Durou menos do que muitos casamentos. 

E confesso que já desisti de tentar entender a lógica das tendências de vestuário. Justamente agora, graças às canetas emagrecedoras, que uma legião de pessoas finalmente conseguiu vestir números que não via há anos, a moda resolveu decretar que o elegante é usar roupas largas, folgadas e oversized. Depois de décadas tentando entrar na roupa, parece que agora a roupa é que deve sobrar.


Nem arrisco a exemplificar óculos. Dos panorâmicos estilos tela de televisão, aos redondinhos tipos Freud, já não sei mais o que é chic. 

E por falar em óculos, as mulheres também convivem com essas reviravoltas. 

Os cílios postiços, clássicos da jovem-guarda, voltaram com força total. 

Alguns são discretos. Outros dispensam apresentações. Tenho visto cada penacho sobre os olhos... 

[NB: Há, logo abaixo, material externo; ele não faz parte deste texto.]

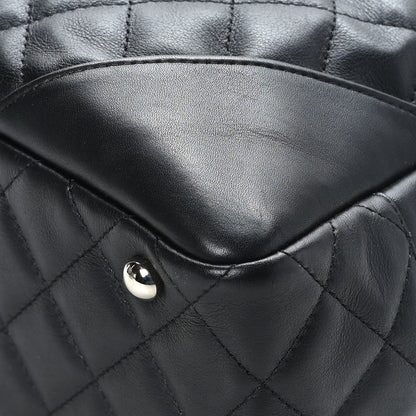 Chanel Calfskin Quilted Large Cambon Bowler Black 9 of 11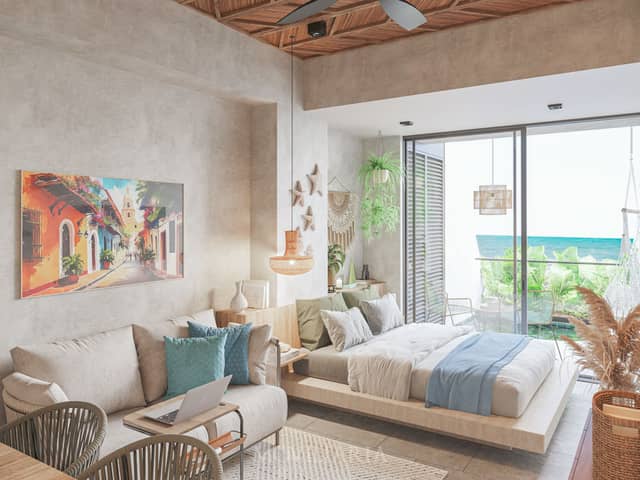 Apartamento en Venta en Punta Canoas, Cartagena con garaje con REF 1579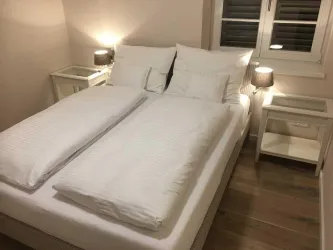 Appartement A Erdgeschoss - Schlafzimmer (© Familie Christmann)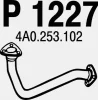 P1227 FENNO Труба выхлопного газа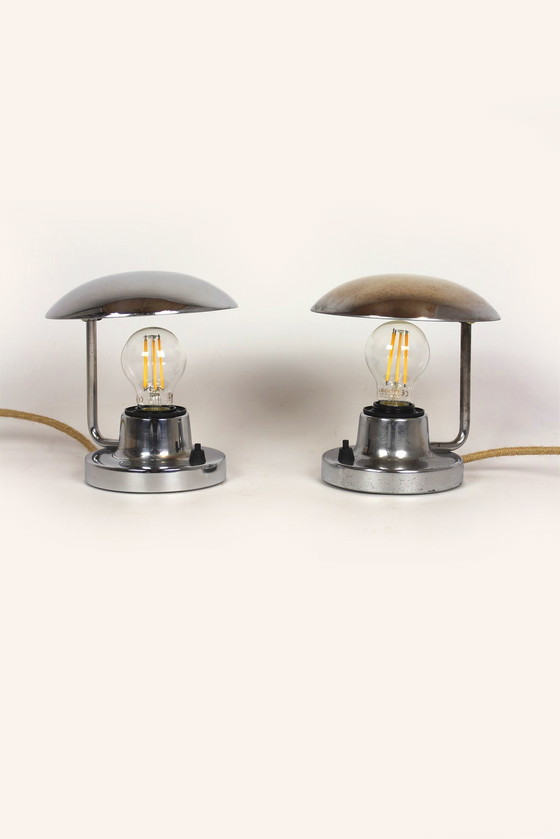 Image 1 of 2x Napako Chrome Table Lamps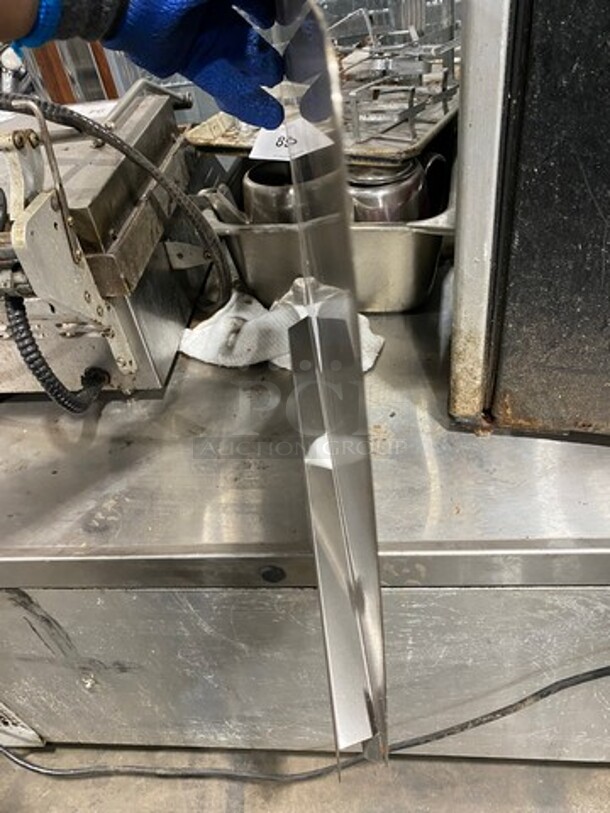 Stainless Steel Fryer Splash Guards! 20.5x17.5! 2x Your Bid! - Image 4 of 5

Para os homens, os bigodes também reapareceram. 

Durante anos pareciam restritos a retratos antigos e fotografias de família. 

Agora voltaram triunfantes.

Do estilo bigodinho (aquela nesga de pelo, de 1cm, em cima do lábio superior) estilo Clark Gable; até os robustos Freddie Mercury. 

Enquanto isso, as barbas começam a perder espaço. Se for aquela desenhada a régua, é cafona. 

Já os cavanhaques atravessam um período de baixa popularidade, estão bem démodé. Mas aprendi a não fazer previsões. Talvez estejam apenas aguardando sua vez. 

E não são apenas as roupas, os cabelos ou os acessórios. 

Os discos de vinil praticamente desapareceram. Foram substituídos por tecnologias mais modernas, menores, mais práticas e mais eficientes. 

Mas bastou algum tempo passar para voltarem às salas de estar como objetos de desejo.


Começo a suspeitar que a moda não cria tantas novidades quanto imaginamos. Ela apenas administra períodos de esquecimento. 

Depois de certa idade, a gente para de correr atrás de todas as tendências. 

Não necessariamente por sabedoria. Por experiência. 

Porque, com tempo suficiente, quase tudo volta. 

A roupa guardada reaparece como tendência. 

O sapato esquecido ganha status de peça vintage. 

Aquilo que era motivo de piada vira referência de estilo. 

E eu confesso que isso me traz algum conforto. 

Afinal, se roupas antigas viram vintage, discos antigos viram objetos de desejo e carros antigos viram clássicos, começo a torcer para que a regra seja universal.